Lula já virou garoto propaganda da Starlink sem saber

O lançamento da Infovia 01 semana passada em Santarém, no Pará, que contou com a presença do presidente Lula, alguns ministros e boa parte do meio político paraense, teve um fato ocorrido nos bastidores que provavelmente não foi contado para ele. Lula visitou o Navio Hospital Escola Abaré e presenciou uma “live” com alguns postos de saúde da região amazônica. Todos conectados às pressas com sinal de satélite de baixa órbita pela Starlink, do empresário Elon Musk, um notório simpatizante da extrema-direita norte-americana e também da brasileira.

Aqui a empresa vem contando com pesado lobby dentro do governo para ser a escolhida no projeto de conectividade escolar.
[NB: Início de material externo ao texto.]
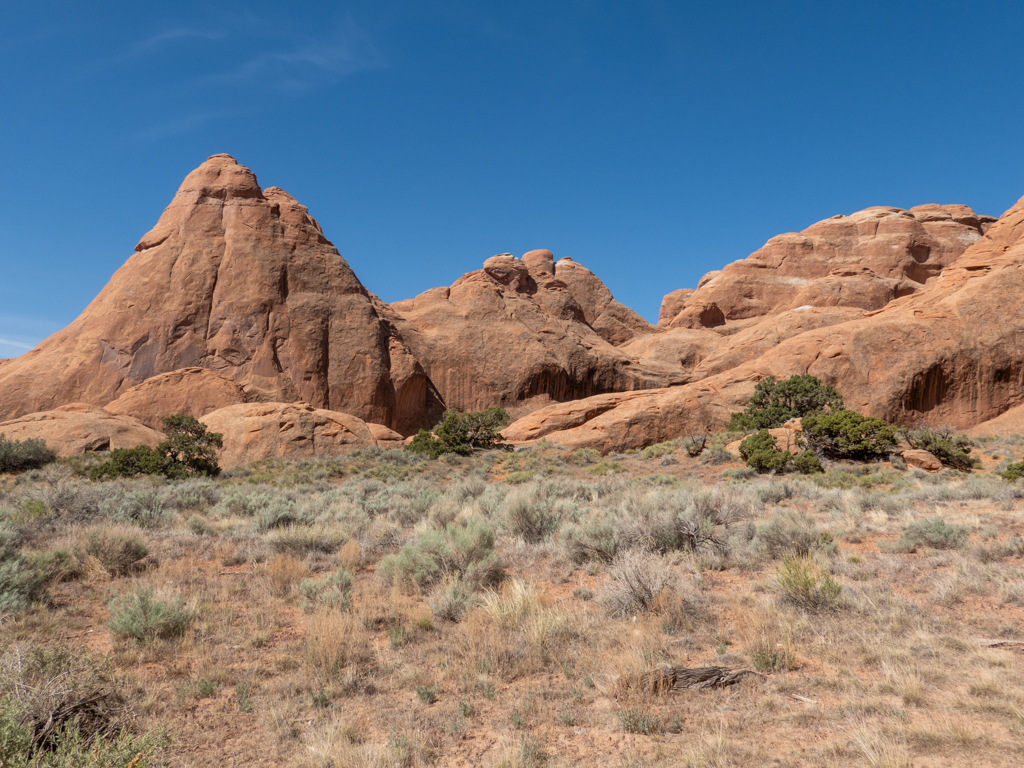Am Eingang zum Devils Garden zu Beginn der Wanderung durch den Arches NP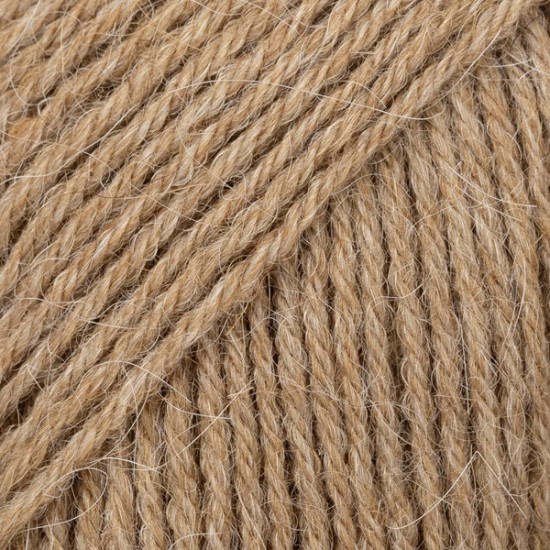 DROPS Nord - soft and durable in alpaca, wool and polyamide DROPS Nord - soft and durable in alpaca, wool and polyamide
Mas ainda não foi anunciada, porque tal anúncio pode pegar mal em alguns setores do PT. Está sendo preciso, primeiro, quebrar a resistência política e nada melhor do que envolver o presidente da República no assunto.

O objetivo do evento de Santarém foi claro: convencer o presidente sobre a importância de se levar a Internet para as áreas remotas e pobres do país, mas sem dizer à ele exatamente como, já que não havia nenhuma participação da Infovia que ele foi inaugurar, nesse caso. Mostraram à ele os benefícios do serviço de telemedicina numa região que é carente de conectividade e profissionais de saúde. Deu certo.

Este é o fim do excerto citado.